If you have much, give of your wealth; If you have little, give of your heart. – Arab Proverb
|Intense, sour, sweet, fragrant, absolutely fantastic.|
Have you ever seen a strange and wonderful ingredient and had to buy it without any use in mind?
I found two a few days ago. One was “sumac” spice. I’m interested in sumac because in eastern North America we have a native species of sumac—staghorn— that can be used for forage in several interesting ways. More on that later.
The other was dried limes. I have a lemon from a dinner at which I was a guest with Thom Fitzgerald, Olympia Dukakis and Sarah Polley at Sundance many years ago. I took it as a memento and it dried on its own. It's a very interesting object.
Dried limes (the owner called them dried lemons) are used in Middle Eastern cuisine. I purchased both at The House of Halal on Titus Street in Halifax. That’s a place to which I’ll be returning soon.
Dried limes are addictive little brown balls. They have a highly concentrated lime flavour. You can stuff some into the cavity of a chicken before roasting or pop one into rice before cooking to impart the flavour.

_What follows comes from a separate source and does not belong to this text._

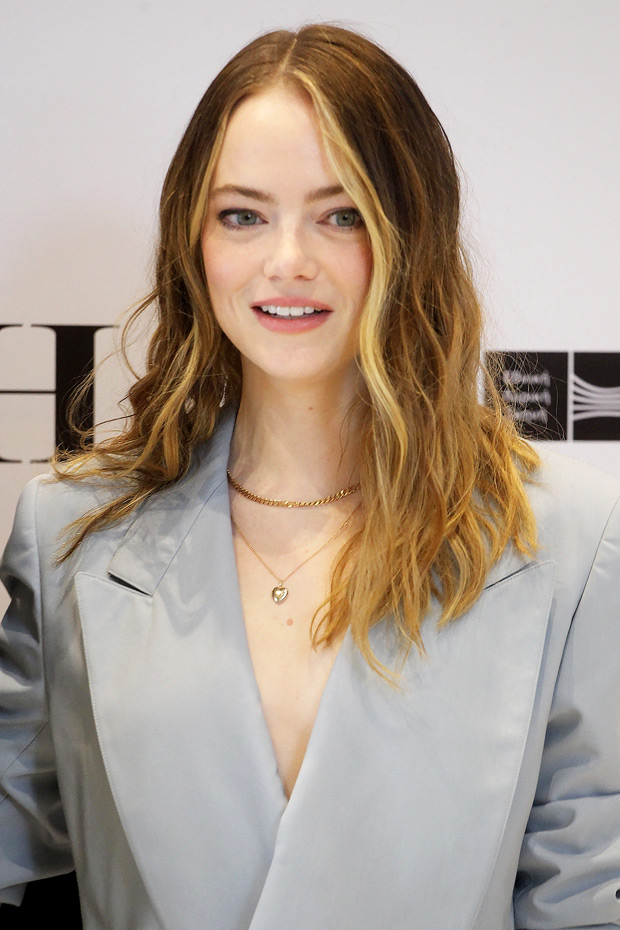 Emma Stone poses at the photocall for Louis Vuitton Cruise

|This is the spice mix. The 2 extra limes are only decoration.|
My recipe below has two that need to be chopped. Looking at the hard little balls gave me pause. How would I chop that?! Ever resourceful I opted for crushing them. I wrapped them in cloth and whacked away with a rolling pin. It worked beautifully and vented some frustration...
I can think of a thousand uses for the sour/sweet/intense darlings. By the way, the recipe turned out beautifully. The spice mix is flavourful and exotic.

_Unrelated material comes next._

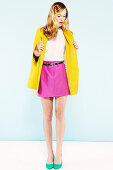 A blonde woman wearing a light blouse, a pink skirt and a yellow coat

Combine your spice mix ahead of time and your cooking will proceed quite smoothly. The chicken finishes cooking by being steamed with the rice and spices so all has a delicious, alluring taste.
It looks beautiful too! One always eats first with their eyes. This recipe is a combination of the best of several Al Kabsas. Although I'm not Arabic, I think I did it justice.
Al Kabsa with Dried Lime
Serves 4 | Total time: about 50 min
8 chicken thighs, with bone and skin
1 lg onion, chopped
5 garlic cloves, chopped
1/4 cup pine nuts
2 tbsp tomato purée
4 cups chicken stock
2 cups basmati rice
2 firm tomatoes, cubed
2 tbsp dried mint
1/2 cup fresh coriander, chopped
|Sauté the rice for about 1 minute before adding the liquid.|
4 whole cloves
1/4 tsp each nutmeg, cumin, ground coriander, cardamom
1/2 tsp each cinnamon, allspice, pepper, crushed red chillies
1 tsp salt
2 crushed dried limes, see recipe
Heat a wide saucepan on the stove. Place the chicken, skin side up, in the pan and let brown. Season with salt and pepper. Don’t worry that there is no oil in the pan. Fat will render out of the chicken in the frying process.
Turn the chicken and let brown on the other side. Cook until well browned, but the chicken does not have to be done through. Remove from the pan.
While the chicken is frying, combine the spice mix in a bowl (or make ahead before starting).
|Just before putting the cover on to simmer and steam.|
Drain off all but about 2 tbsp of the chicken fat. Fry the onion until it begins to brown. Then add the garlic and cook for 2 minutes longer. Add the pine nuts and spice mixture and fry for a few minutes.
Mix the tomato purée with the stock. Add the rice to the onion mixture and stir until well coated with the spices. Pour over the chicken stock and purée. Stir well. Add the chopped tomatoes, mint and coriander and mix.
Nestle the chicken pieces into the liquid. Bring the pot to a boil, reduce heat to simmer, cover and let cook for 30 minutes or until all the liquid is absorbed.